Now I said to her, “Whatever happens in this vote happens. We’ll wait a little while for people to catch their breath, but then it’s time. I have to bring in new people.” She agreed.
The opinion polls weren’t wrong: November 8, 2005, was a total disaster. All four of my ballot measures lost, with the voters rejecting the most important one, the budget reform, by a huge margin of 24 percentage points. At a gathering that night, Maria stood by my side as I struck a conciliatory note. I thanked the voters for coming to the polls, including those who had voted against my reforms. I promised to meet with the Democratic leaders and find common ground. Soon afterward, I told a televised news conference at the capitol that I did not want the staff to be blamed for my mistakes: “The buck stops with me. I take full responsibility for this election. I take full responsibility for its failure.”
I promised that the fighting was over. Next year would begin with a different tone.
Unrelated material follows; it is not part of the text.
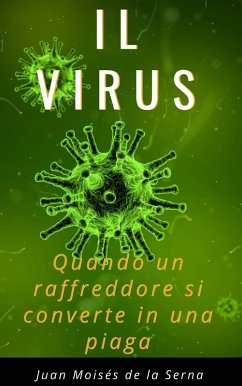 Il Virus. Quando un raffreddore si converte in una piaga (eBook, ePUB) - Serna, Juan Moises de la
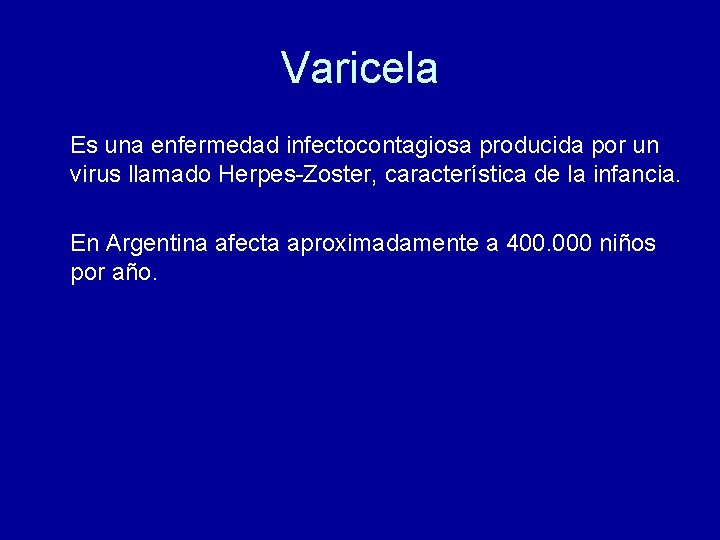 Varicela Es una enfermedad infectocontagiosa producida por un virus llamado Herpes-Zoster, característica de la Varicela Es una enfermedad infectocontagiosa producida por un virus llamado Herpes-Zoster, característica de la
AT THE END OF2005, I was happy to leave Sacramento thousands of miles behind by climbing on an airplane and embarking on a long-planned trade mission to China. I led a delegation of seventy-five California employers—including high-tech entrepreneurs, strawberry growers, construction engineers, and merchants—and for six days, we traversed the world’s fastest-growing economy promoting the strengths of our state. For me, it was an important trip, not just because it provided a welcome change of scenery after having lost the special election but also because seeing China transforming itself helped put things back into perspective. The Chinese were building on such a vast scale. I felt I was witnessing a modern power taking shape before my eyes and felt the challenge and opportunity this posed for Americans. And, of course, for a pitchman like me, it was also a thrill to be out in the world again, selling California products in Asia. That trade mission brought California a nice little symbolic success. For the first time, we were able to export California strawberries legally to Beijing, just in time for the 2008 Summer Olympics there.
When I got back to California, my staffing issues took center stage. It was a hard time to make big changes, with the 2006 gubernatorial election less than a year away. But it was right to make them. I now knew far more about California politics, and I knew more of the players. I needed not just smart, experienced people but also a cohesive team. After the special election, only 27 percent of voters in public-opinion surveys thought that California was headed in the right direction, and my own approval rating was only 38 percent. I also needed ballsy people who weren’t going to be paralyzed by that, and who could even see the black humor in the fact that my approval rating was almost as low as the legislature’s.
I already knew who I wanted as my new chief of staff: Susan P. Kennedy. She was, as the press quickly began to describe her, a small, tough, blonde, cigar-smoking lesbian—and the least conventional choice I could have made. Not only was she a lifelong Democrat and a former abortion-rights activist, but also she had served as cabinet secretary and deputy chief of staff for Gray Davis. She’d quit that job out of disgust with the paralysis in the capitol building.
I had come to respect Susan when she was a Public Utilities Commissioner, because even though she was a Democrat, she was always pushing to eliminate regulations that got in the way of business growth. She would occasionally send memos with dead-on, crystal-clear commentaries about the challenges my administration faced. She was frustrated because she thought we were in danger of squandering a historic opportunity for change.